Actually, he had opened by plunging straight into his supplementary - without asking the warm-up question on the order paper. With a dry grin, he blamed his lack of practice in the role of questioning the first minister.

Alex Salmond responded in kind with a sympathetic smile.

But the exchanges themselves were deeply serious - on the subject of care of the elderly.

Mr Gray proved that there remains a significant role for the opposition, even in these majoritarian days. His questions were persistent and to the point.

He summoned a series of issues: the closure of the Elsie Inglis home in Edinburgh; the financial problems besetting Southern Cross, the largest private sector provider of care; the spending cuts at the care inspectorate.

Rose to challenge

Then he drew these together neatly to challenge the first minister to produce a coherent, governmental response.

Mr Salmond, as you would expect, rose to the challenge.
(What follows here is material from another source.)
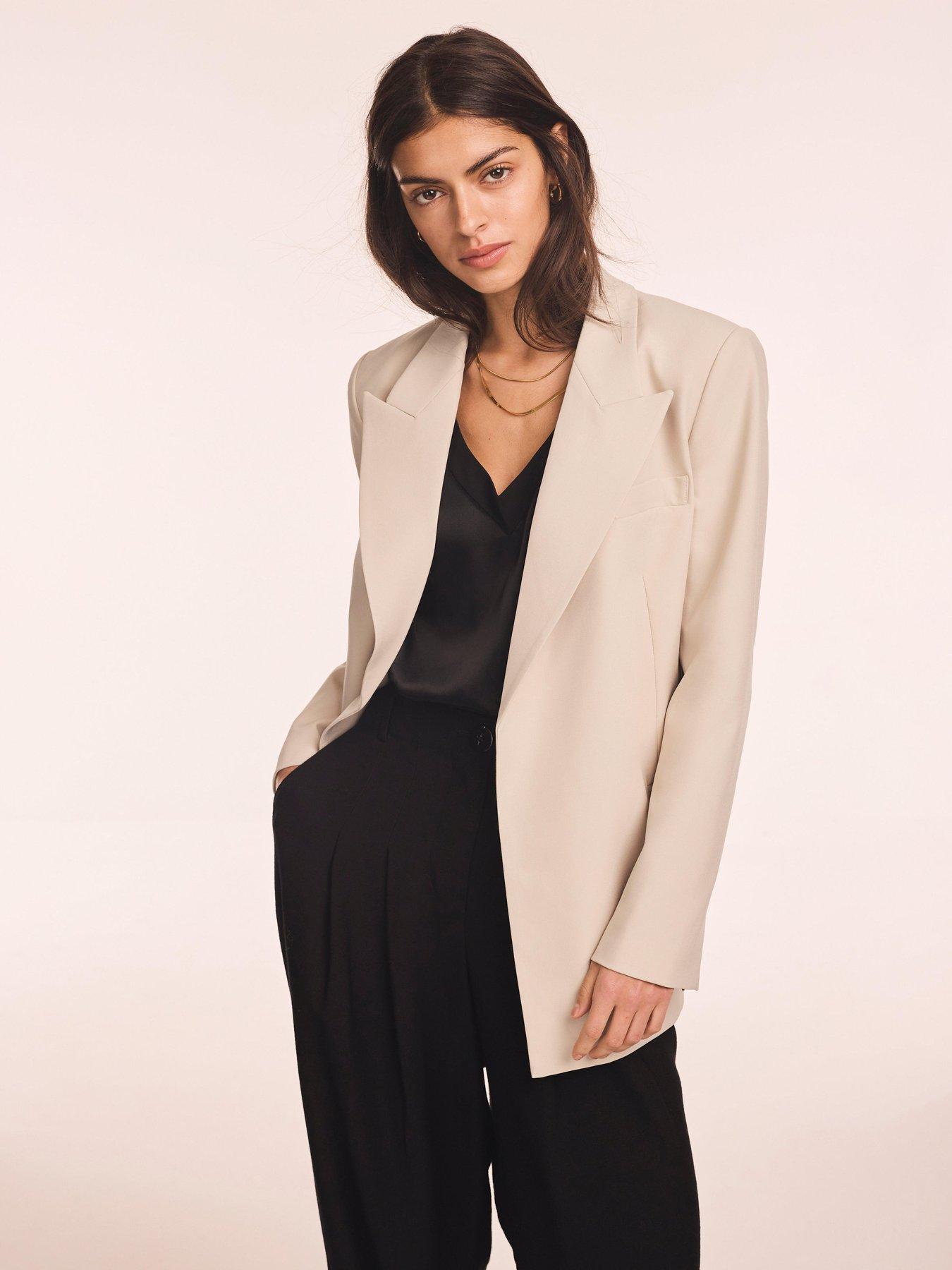 Mint Velvet Easy Longline Blazer - Neutral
The situation at Elsie Inglis had been dealt with speedily; the authorities stood ready to assist residents if the Southern Cross problems increased; the inspectorate was providing wide cover across Scotland, with unannounced investigations now the norm.

It was a substantive series of exchanges - delivering real information on a highly relevant topic. What's more, it ensures that Mr Salmond and his ministers will keep right on top of the problem.

Job done.

Others pursued the question of the UK Supreme Court. Again, a serious subject - although perhaps this produced rather less of immediate interest.

Bigger role

Both Annabel Goldie and Willie Rennie felt that Justice Secretary Kenny Macaskill might care to mind his tongue when criticising the noble judges on the UK bench.

Mr Salmond demurred. Verdict and sentence later, pending further evidence. With, of course, room for subsequent appeal.

A final thought. This was the first FMQs since reforms were introduced by the new Presiding Officer Tricia Marwick, designed to give a bigger role to backbenchers.

Early days, I know, but I cannot say I noticed the difference.

Yes, John Scott was called on a constituency issue before Willie Rennie got his shottie.

Other than that, the session still seemed dominated by sustained questions from the opposition leaders.